Le changement géopolitique va être un facteur clé dans la détermination de la hiérarchie des politiques.
Pendant longtemps, la combinaison d’une politique monétaire omniprésente et d’une politique budgétaire d’accompagnement a permis la période de la grande modération caractérisée par une évolution peu volatile de la croissance et de l’inflation.
Le climat et la nécessaire transition énergétique ont été introduits à dose homéopathique pour ne pas bouleverser le cadre macroéconomique existant. D’ailleurs, les exigences climatiques n’ont pas alors infléchi les comportements. La trajectoire des émissions s’est un peu ralentie mais celle des températures du globe a battu, année après année, les records jusqu’à 1.6°C au dessus de la moyenne préindustrielle en 2024.
En provoquant des tensions entre les Etat-Unis et la Chine, la technologie a bousculé ce cadre macro-économique. La technologie, vecteur de déploiement de la globalisation via d’importants transferts, est alors devenue une arme, remontant rapidement dans les préoccupations des gouvernements. L’Inflation Reduction Act américain prenait cela en compte en réinstaurant la politique industrielle associée à la technologie tout en la rendant compatible avec le climat.
La cohérence de la politique économique a volé en éclat avec l’arrivée de Trump à la Maison Blanche.
Tout d’abord, l’IA, présentée comme transcendance de la technologie, a les faveurs de Washington alors que le climat n’est plus un objectif. Pour rester compétitif, les Européens ont altéré leurs intransigeances sur le climat. Comme il a été précisé dans l’omnibus les objectifs restent mais la réalisation en est nettement simplifiée. La hiérarchie des politiques a été une première fois bouleversée. La compétition par l’IA et la technologie l’emporte sur la contrainte longue du climat. De fait, les entreprises lâchent cet objectif majeur. BP est le dernier en date.
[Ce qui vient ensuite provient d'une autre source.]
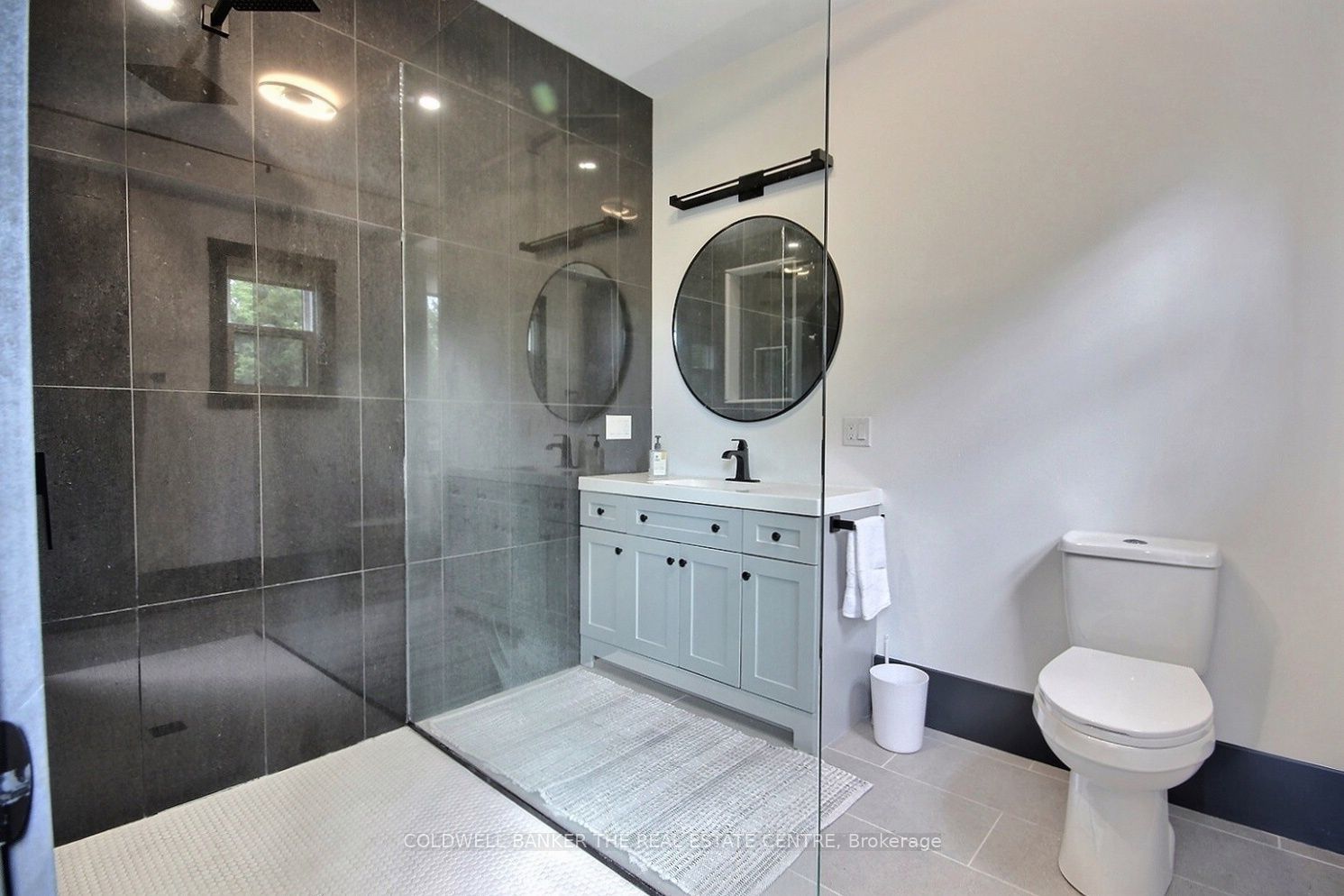 171 Fox Street Property Photo 20
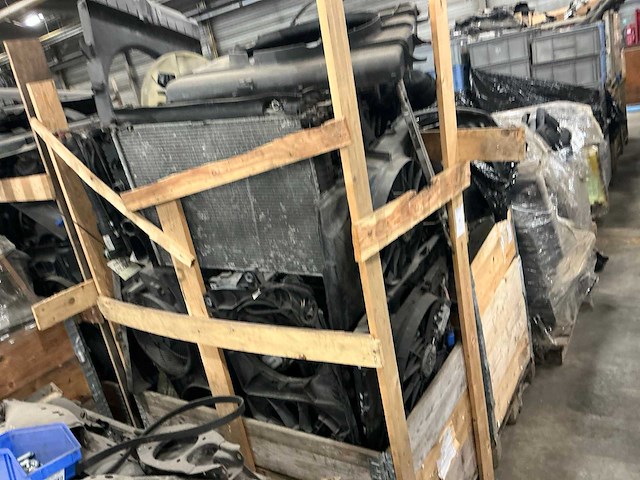 Partij mercedes-benz auto-onderdelen - afbeelding 1 van  6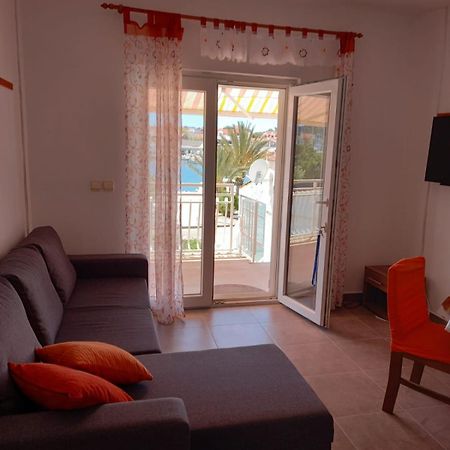 Apartman Rebeka イェゼラ エクステリア 写真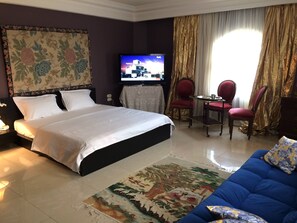 1 bedroom, iron/ironing board, WiFi, bed sheets - Sunny spacious studio in New Cairo (New Cairo)
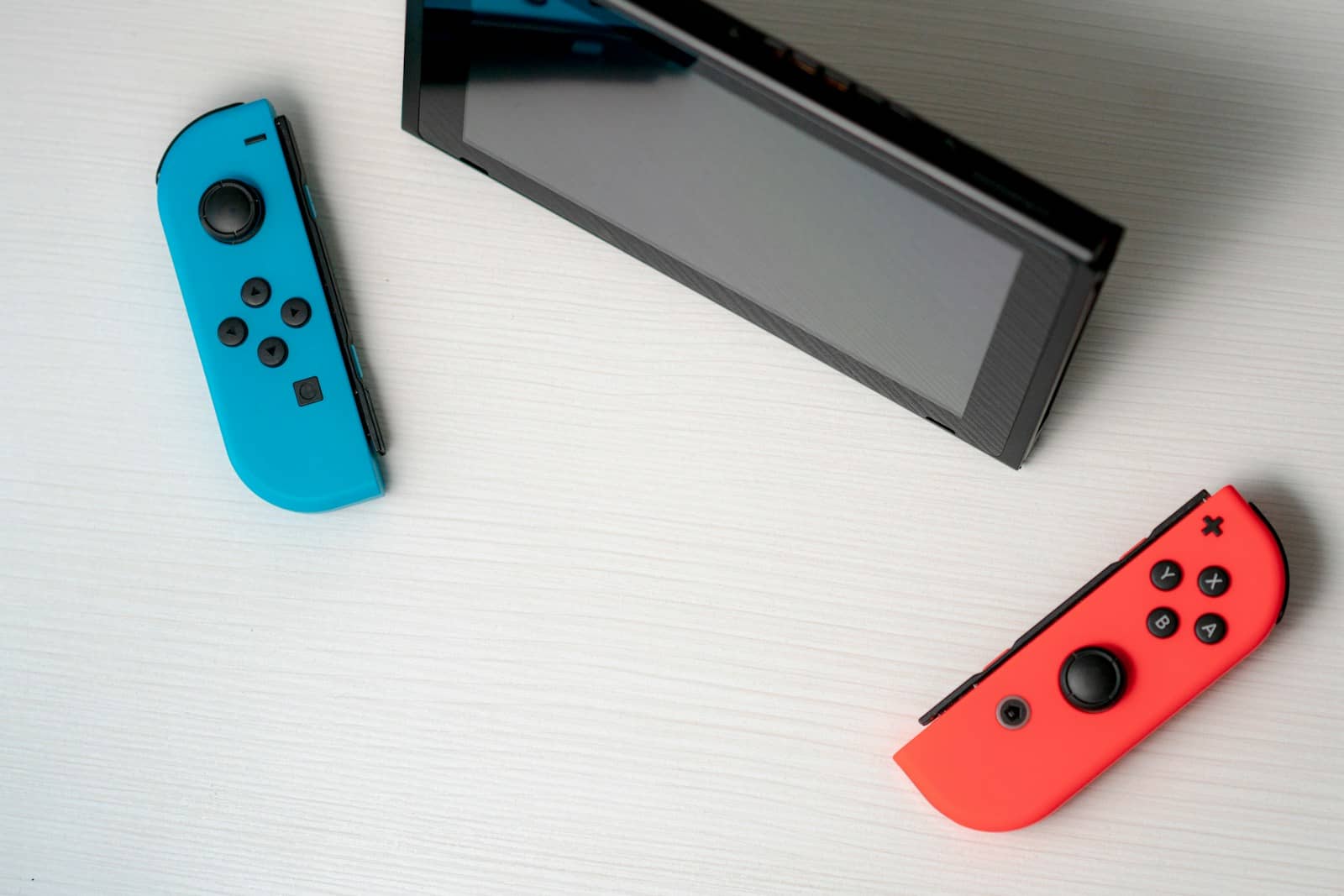 Connect Bluetooth Headphones to Nintendo Switch: A Step-by-Step Guide -  GadgetMates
Pourtant, depuis le sommet sur l’IA, le monde s’est davantage tordu. Les Etats-Unis ont changé de positionnement en se rapprochant de la Russie au détriment des Européens. Chaque État européen réfléchit désormais à augmenter la part de la défense dans l’ensemble des dépenses budgétaires, Bruxelles envisageant même de ne pas les compter dans les mesures budgétaires. Il faudra construire plus d’avions, d’armes, de missiles et de munitions, mettre à niveau les infrastructures militaires pour être prêt….
Avec l’irruption du politique, la hiérarchie des politiques économiques est une nouvelle fois bouleversée. Il faudra trouver des ressources pour financer le militaire et sacrifier d’autres dépenses.
La resolution de l’équation va avoir un caractère impossible. Le militaire, l’industrie été la technologie vont emporter les arbitrages. Le climat restera un objectif de second rang et la dimension sociale de l’ajustement pourrait devenir majeur, inversant les priorités poursuivies depuis les années d’après guerre.